A sum of £107,000 is being provided for Irish language organisations. My visits to the Gaeltacht have been few and far between. During the time in which I was Parliamentary Secretary to the Minister for Agriculture in charge of Fisheries I visited the Gaeltacht. I had the pleasure of visiting a number of areas in the Gaeltacht. I was impressed by the industry of the people, by their skill, by their general standard of behaviour, by their sincerity, their comradeship and, above all, by their love for their language, their pastimes and their culture. They are the real Irish. Emigration by these people to Canada, the United States and Britain spells a considerable loss to the Gaeltacht and to the country as a whole.
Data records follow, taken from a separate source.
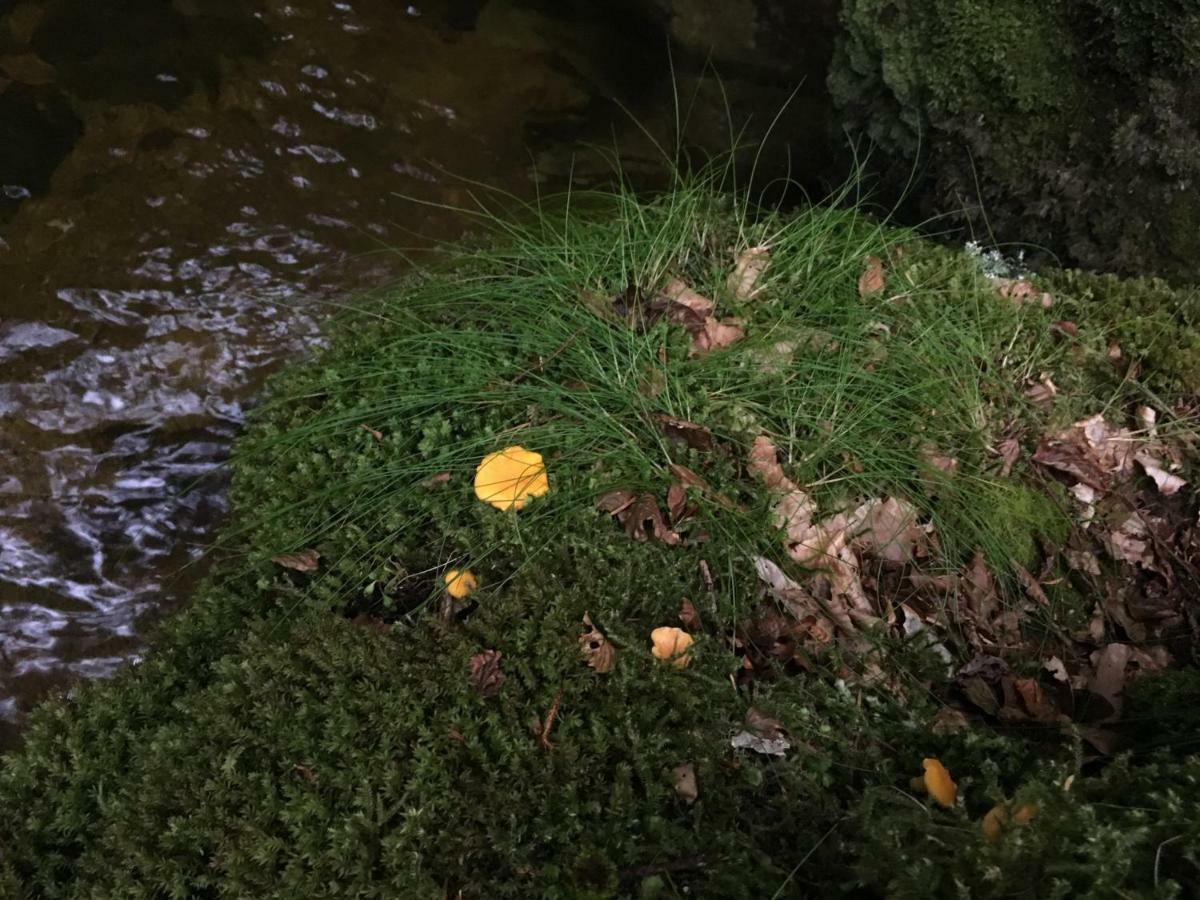 Gite " Oree Des Bois" Vertolaye Luaran gambar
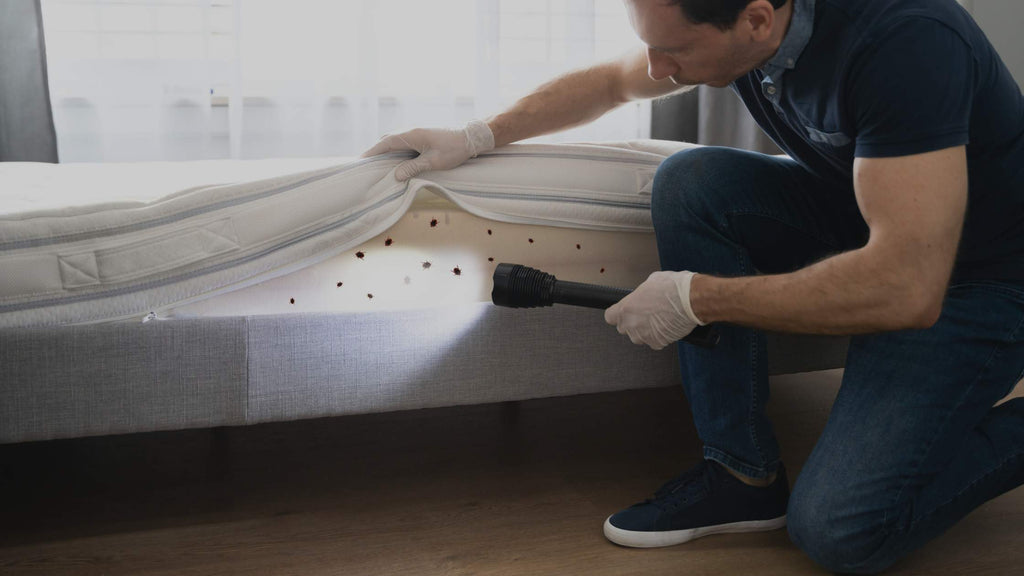 Man inspecting a mattress for bed bugs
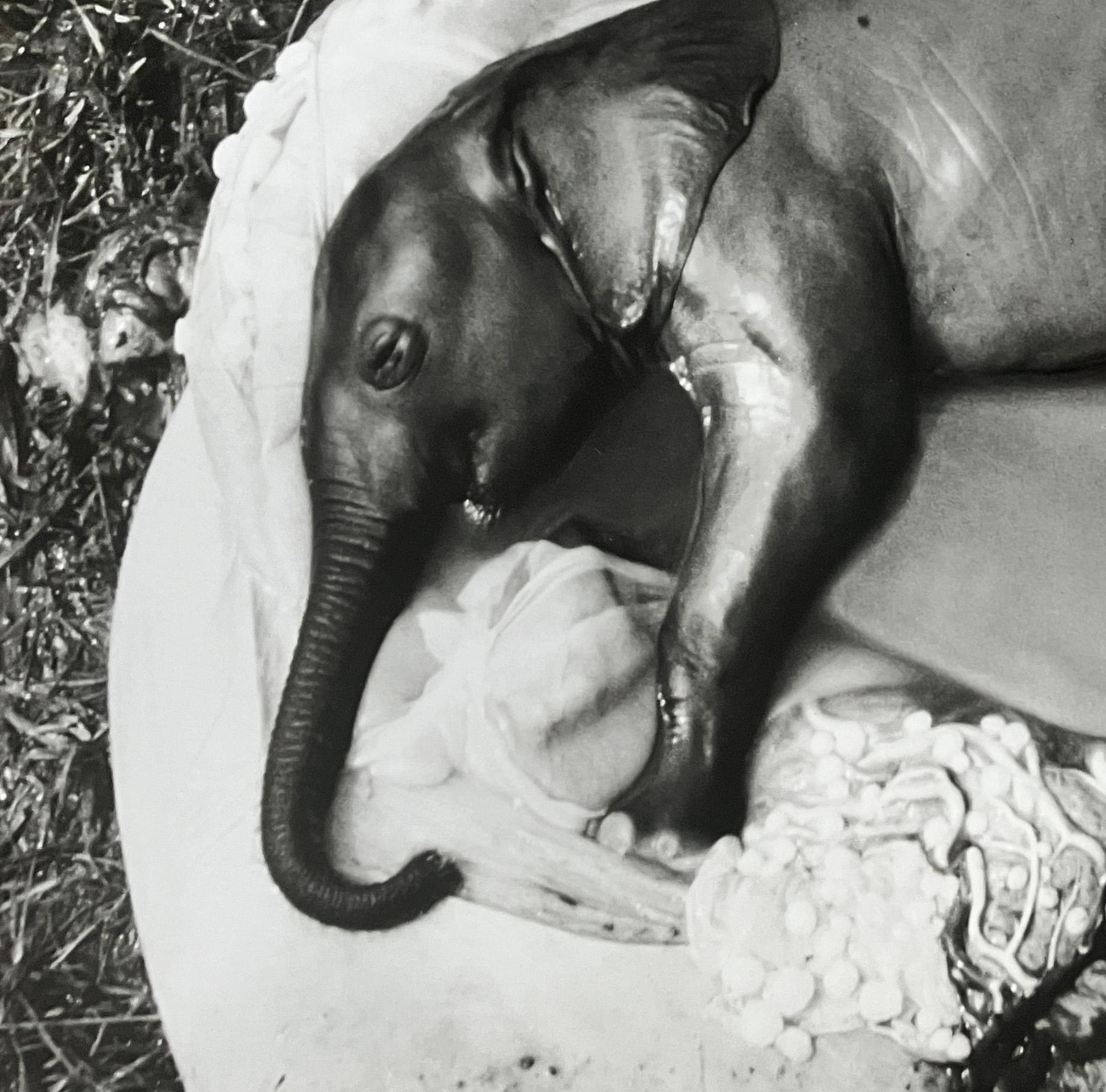 Peter Beard - Embrione di elefante, Uganda, Stampa su platino - Non firmato in vendita 4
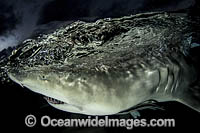 Lemon Shark Photo - Andy Murch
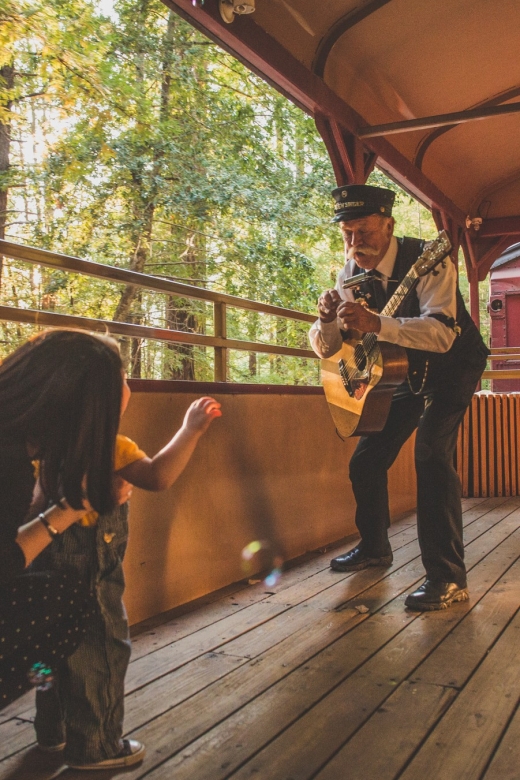 Mendocino County: Skunk Train Wolf Tree Turn Train Ride - Is $70 a Good Price?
A sum of £3,000 is being provided for halls and other amenities to make life more attractive and, by making it more attractive, to induce the people to remain there. I wonder is this sufficient. Have those responsible examined into any new schemes which would improve the standard of living of the people in the Gaeltacht and make life there more attractive for them? Tourists love the Gaeltacht but, from time to time, foreign journalists and others visit the Gaeltacht, perhaps not for the purpose of enjoying a holiday but to compile articles to publish about the Gaeltacht which, in my opinion, have not reflected the true picture of our people in those districts.

Progress reported; Committee to sit again.